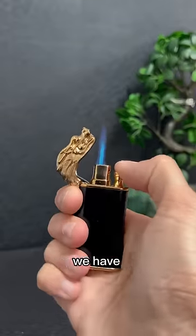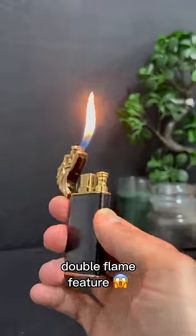If you want something more versatile, we have the Dragon Lighter. This guy comes with a double flame feature.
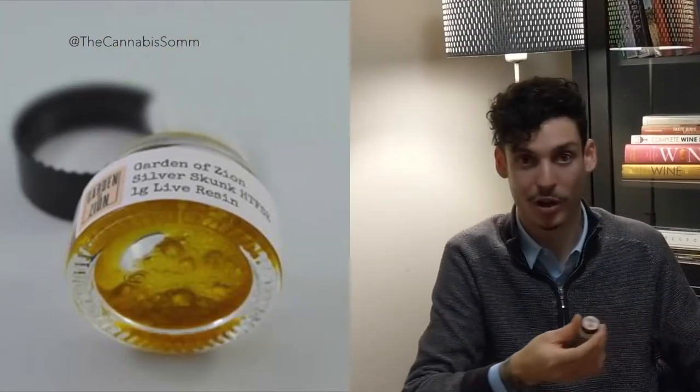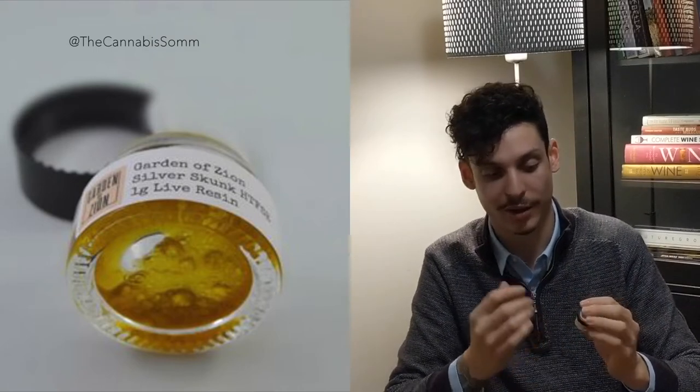The extract I have is from Garden of Zion. It's some Silver Skunk live resin, high terpene, full spectrum extract. The color is a nice lemon gold. The aroma is moderate-plus, almost leaning into pungent, with lots of berry characteristics. I'm always questioning with this one — I had a gram of it before. If it is Silver Skunk, I usually notice a lot more blue cheese, but this has a lot of blueberry, strawberry, raspberry — almost like a frozen bag of berries more so than the blue cheese I would expect.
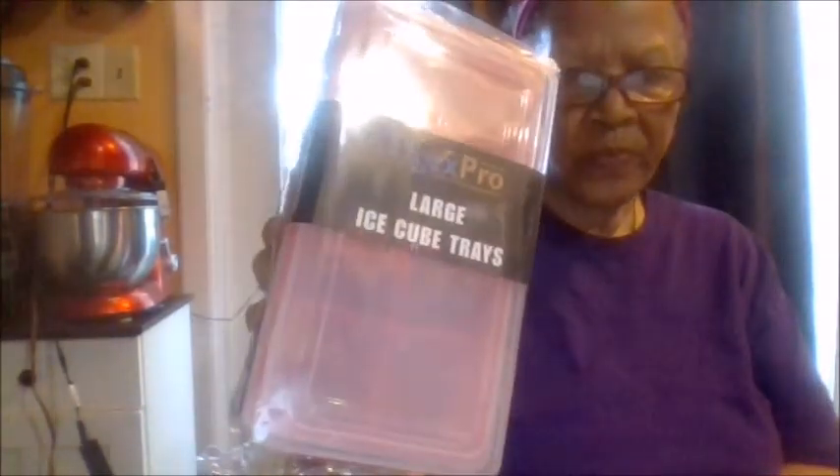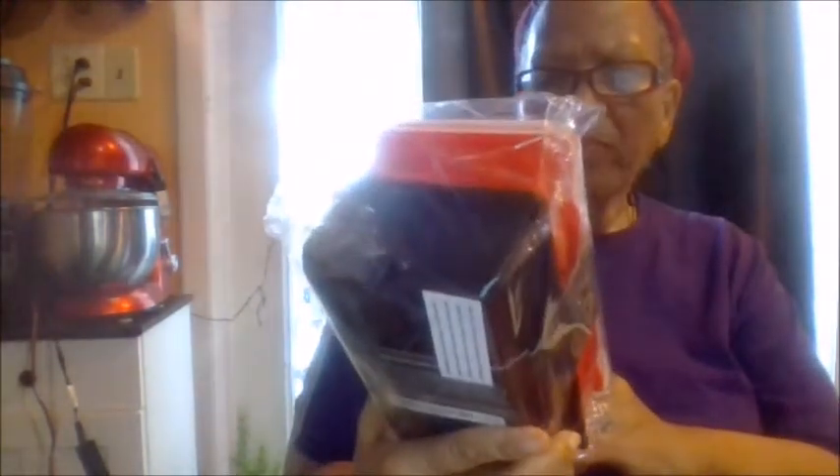Tigre Pro large ice cube trays. I got these because I'm going to use them in place of my old ice cube trays. I had thought I was going to use them for washing soap powder cubes and other things, but I'll use these instead and show you the other ones.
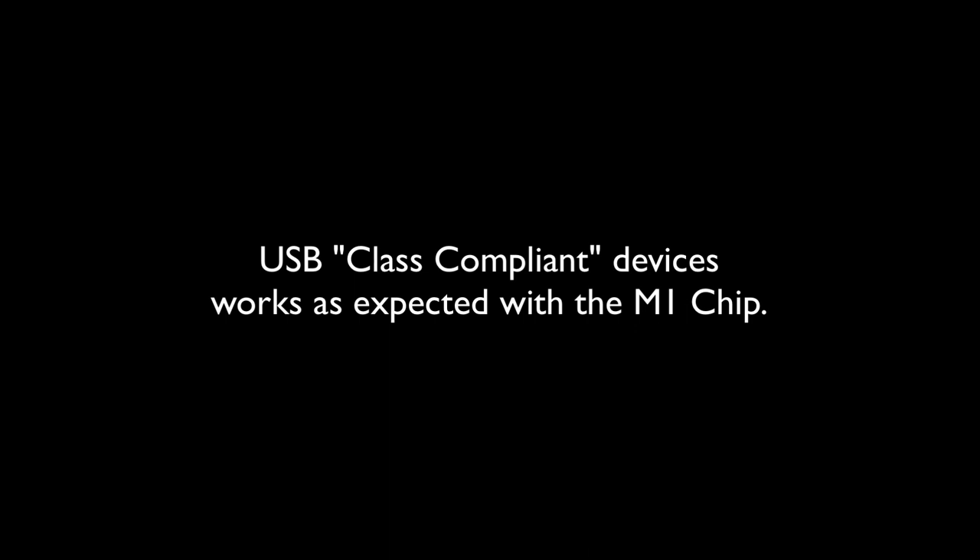I tried the Focusrite Scarlett sound interface, which is plug-and-play USB. I tried it and it worked immediately in Logic — the sound interface showed up right away. I tested the ins and outs: inputs work, outputs work as well, so no issues there at all.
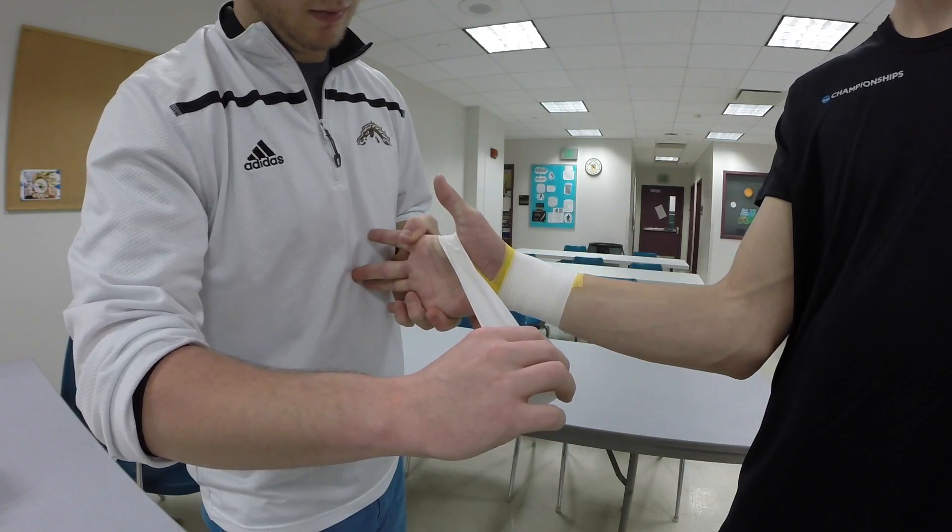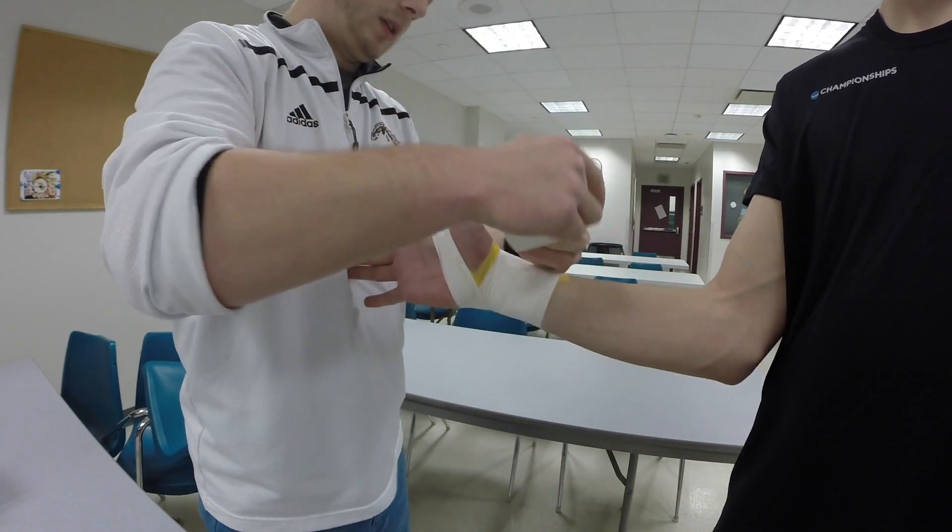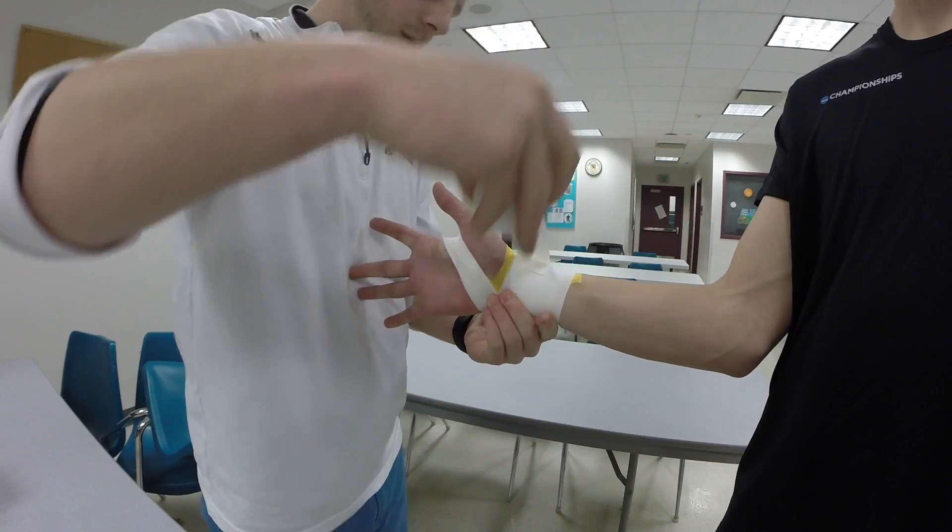This hand position is exactly what we need. Back around the wrist — one rotation, one more.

====================

» **ABOUT THIS EXERCISE**
Any images must be left out; transcribe the rest of the material exactly.

» **ANSWER TO THE PROBLEM**
If you want something more versatile, we have the Dragon Lighter. This guy comes with a double flame feature.
The extract I have is from Garden of Zion. It's some Silver Skunk live resin, high terpene, full spectrum extract. The color is a nice lemon gold. The aroma is moderate-plus, almost leaning into pungent, with lots of berry characteristics. I'm always questioning with this one — I had a gram of it before. If it is Silver Skunk, I usually notice a lot more blue cheese, but this has a lot of blueberry, strawberry, raspberry — almost like a frozen bag of berries more so than the blue cheese I would expect.
Tigre Pro large ice cube trays. I got these because I'm going to use them in place of my old ice cube trays. I had thought I was going to use them for washing soap powder cubes and other things, but I'll use these instead and show you the other ones.
I tried the Focusrite Scarlett sound interface, which is plug-and-play USB. I tried it and it worked immediately in Logic — the sound interface showed up right away. I tested the ins and outs: inputs work, outputs work as well, so no issues there at all.
This hand position is exactly what we need. Back around the wrist — one rotation, one more.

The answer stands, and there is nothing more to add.